WORK ORDER ::
Everything in the data should be repeated exactly, save for the images.

DATA SECTION ::
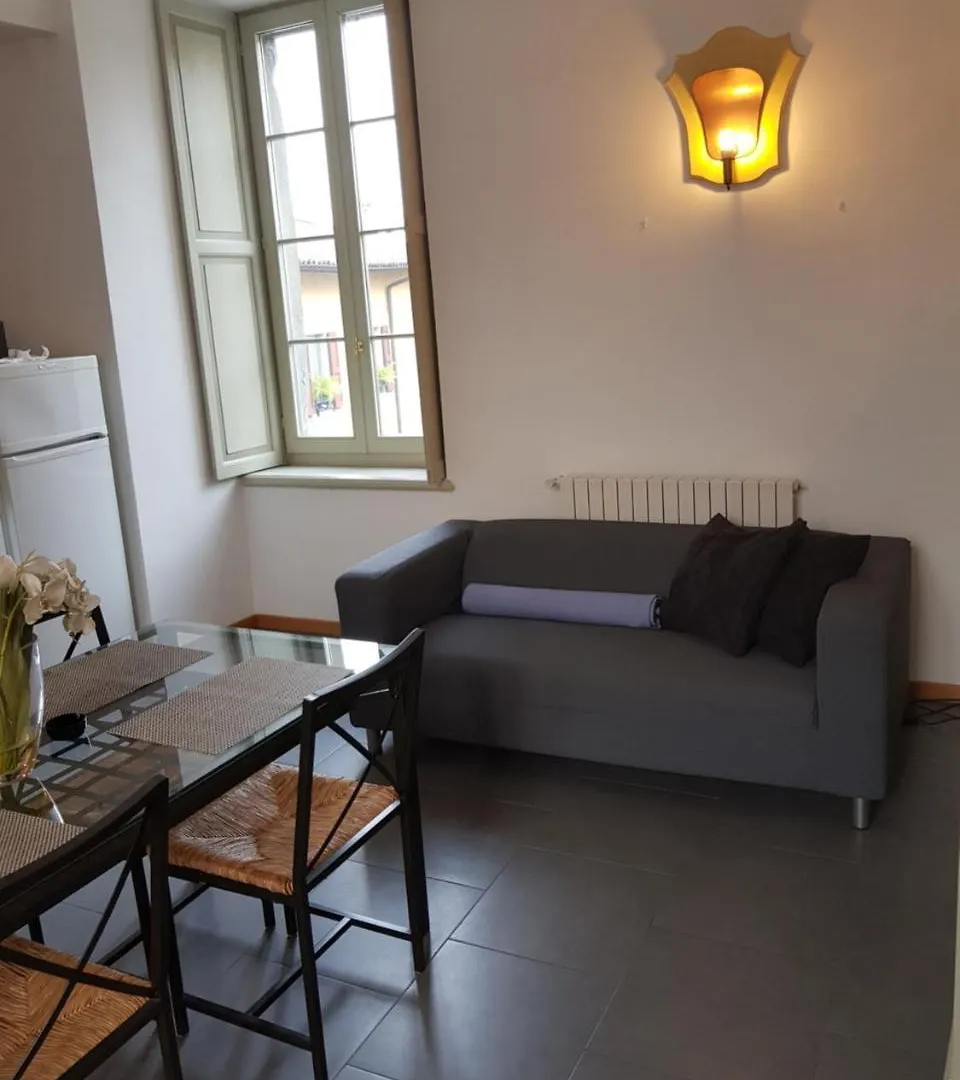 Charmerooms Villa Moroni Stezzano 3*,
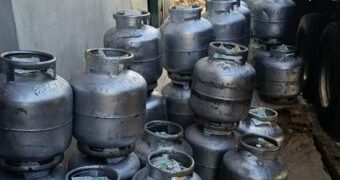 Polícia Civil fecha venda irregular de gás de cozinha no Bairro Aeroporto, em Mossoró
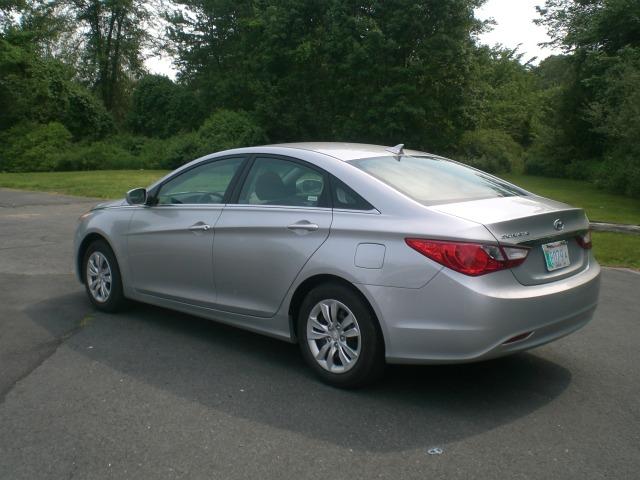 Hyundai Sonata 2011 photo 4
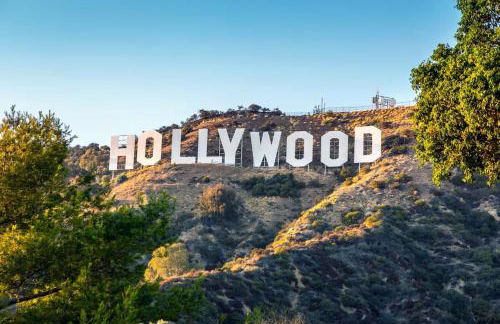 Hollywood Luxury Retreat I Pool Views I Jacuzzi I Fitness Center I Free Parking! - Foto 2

OUTPUT ::
 Charmerooms Villa Moroni Stezzano 3*,
 Polícia Civil fecha venda irregular de gás de cozinha no Bairro Aeroporto, em Mossoró
 Hyundai Sonata 2011 photo 4
 Hollywood Luxury Retreat I Pool Views I Jacuzzi I Fitness Center I Free Parking! - Foto 2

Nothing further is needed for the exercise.